24 MEI, tanggal yang tertulis di batu nisan. Tanggal dimana ayah meninggalkan kami semua. Tanggal dimana semua titik balik bermula.

Aku sayang ayah dengan segala kelebihan dan juga kekurangan ayah. Jika masih ada kesempatan aku hanya ingin menangis dipelukan ayah dengan ayah mengusap rambutku. Maafkan aku yang terlalu lemah jika teringat tentang ayah. Bahkan hanya dengan menuliskan serangkai kata ‘Surat untuk Ayah’ ini pun aku kembali mengharu biru. Aku cengeng yah seperti yang kau tahu selama ini. Aku menangis karena aku terlalu menyayangi ayah. Aku terlalu rapuh untuk bisa berdiri tanpa ayah.  Kepergian ayah telah meninmbukan rongga besar dalam hatiku.

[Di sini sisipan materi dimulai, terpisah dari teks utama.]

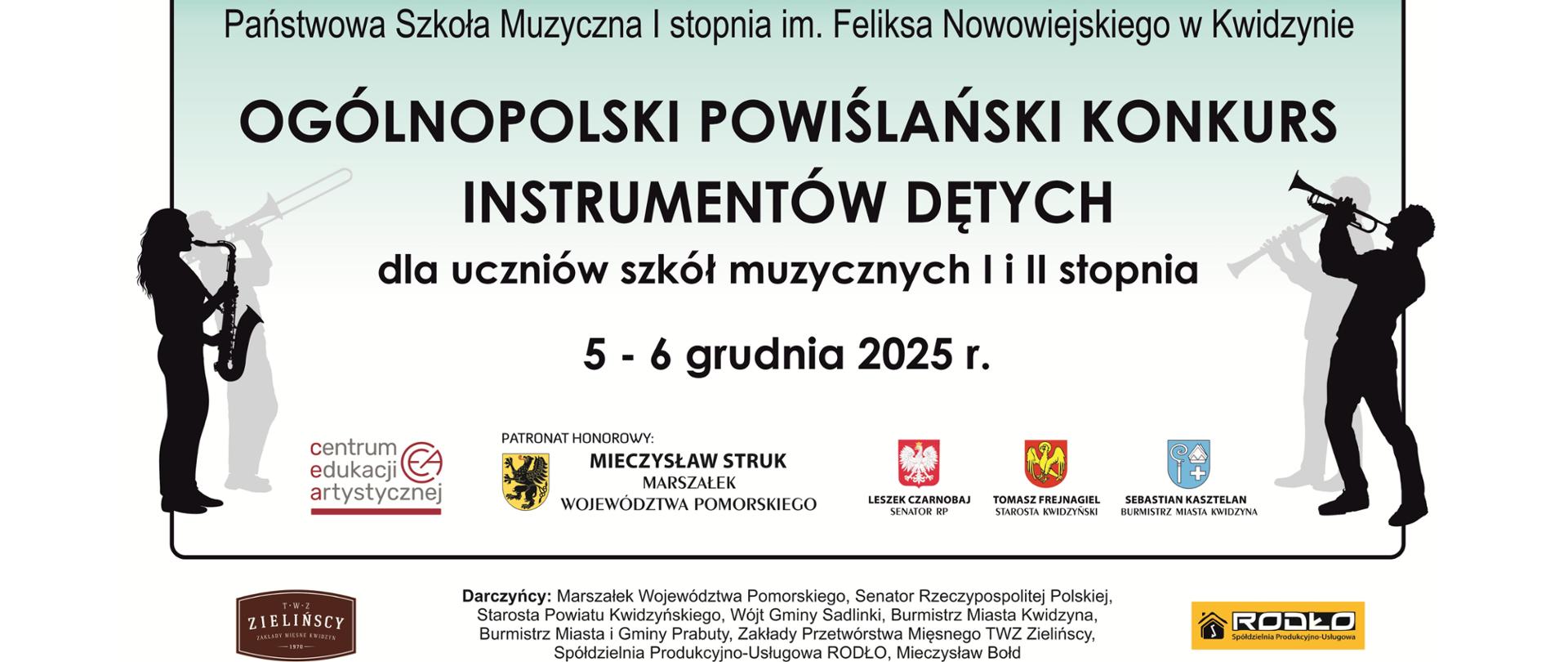 Grafika na zielono białym tle przedstawia informację o konkursie oraz patronów konkursu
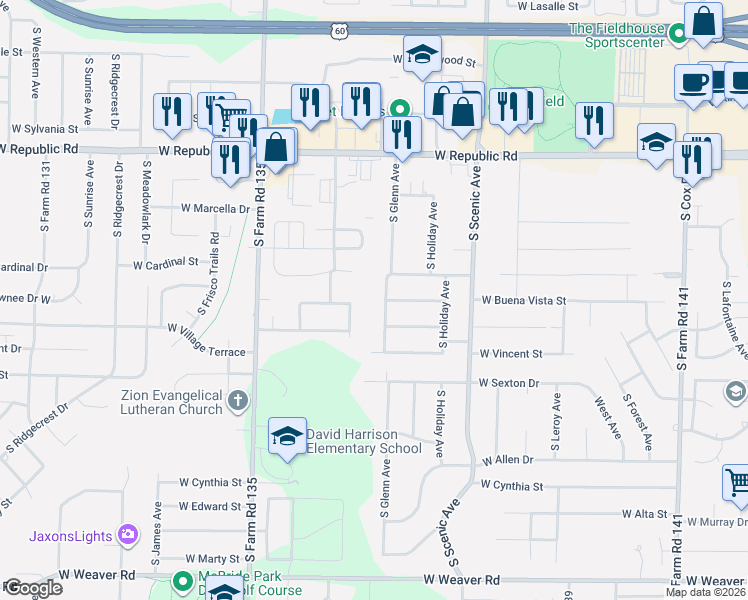 map of restaurants, bars, coffee shops, grocery stores, and more near 2936 W Camino Alto St in Springfield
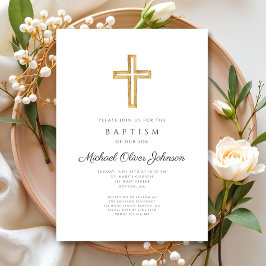 Invitación Elegante bautismo religioso de travesía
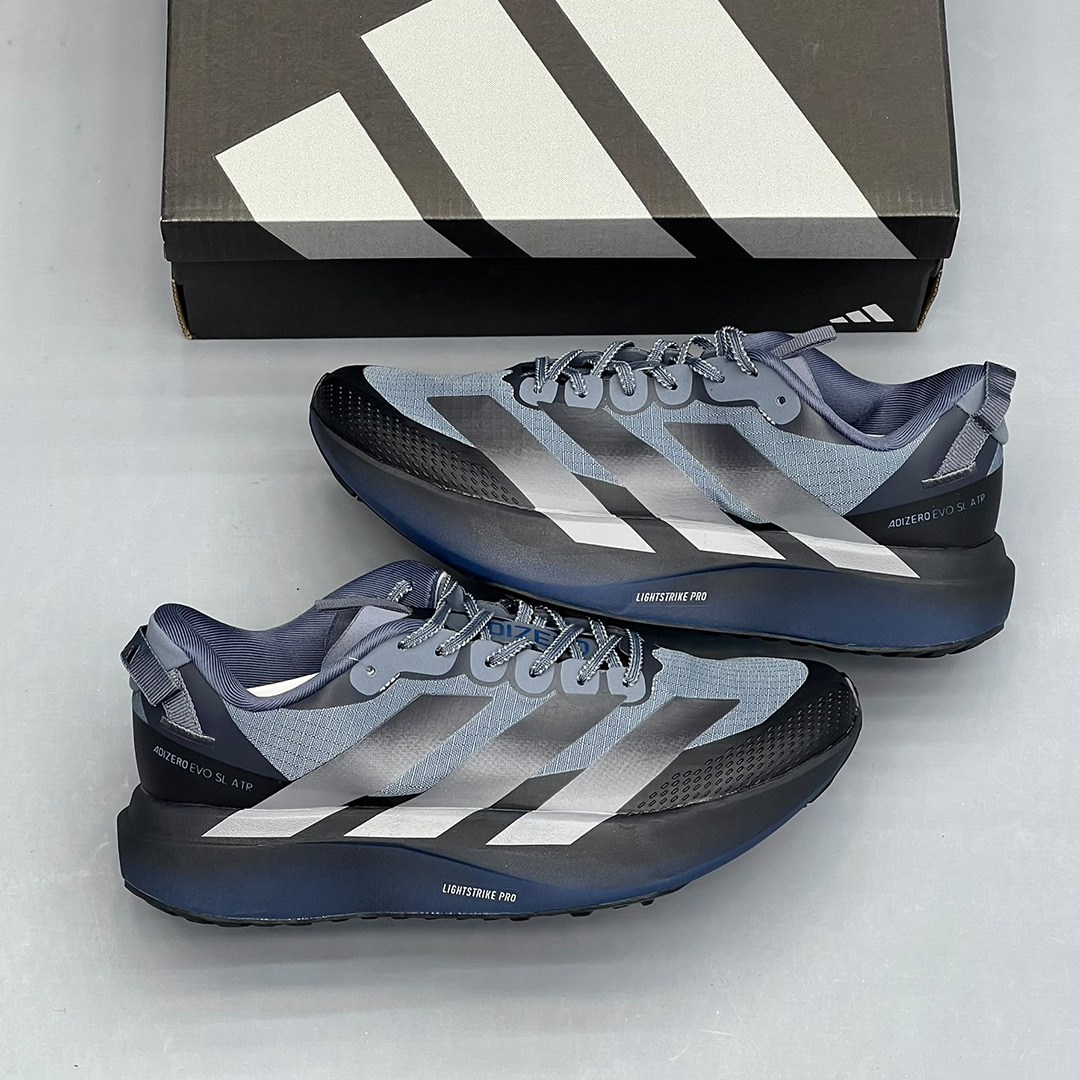 کفش کتونی آدیداس آدیزیرو ایوو اسال ایتیآر مشکی خاکستری آبی adidas Adizero Evo SL ATR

Ketika melihat orang lain membicarakan dengan bangganya mengenai ayah mereka semakin membuat hatiku sakit. Aku ingin seperti mereka yah. Walaupun kadanga aku berhasil mengatur tembok emosi sebaik mungkin di depan mereka tapi toh nyatanya semua itu kembali roboh saat aku seorang diri.

Ayah, maafkan atas kesalahan ananda selama ini. Semoga ayah mendapatkan tempat terindah di SISINYA.

Sekali lagi maafkan aku yah belum menjadi anak yang kuat seperti apa harapanmu.

Tuhan, hamba titip surat ini untuk ayah, salam sayang dan rindu dariku untuknya.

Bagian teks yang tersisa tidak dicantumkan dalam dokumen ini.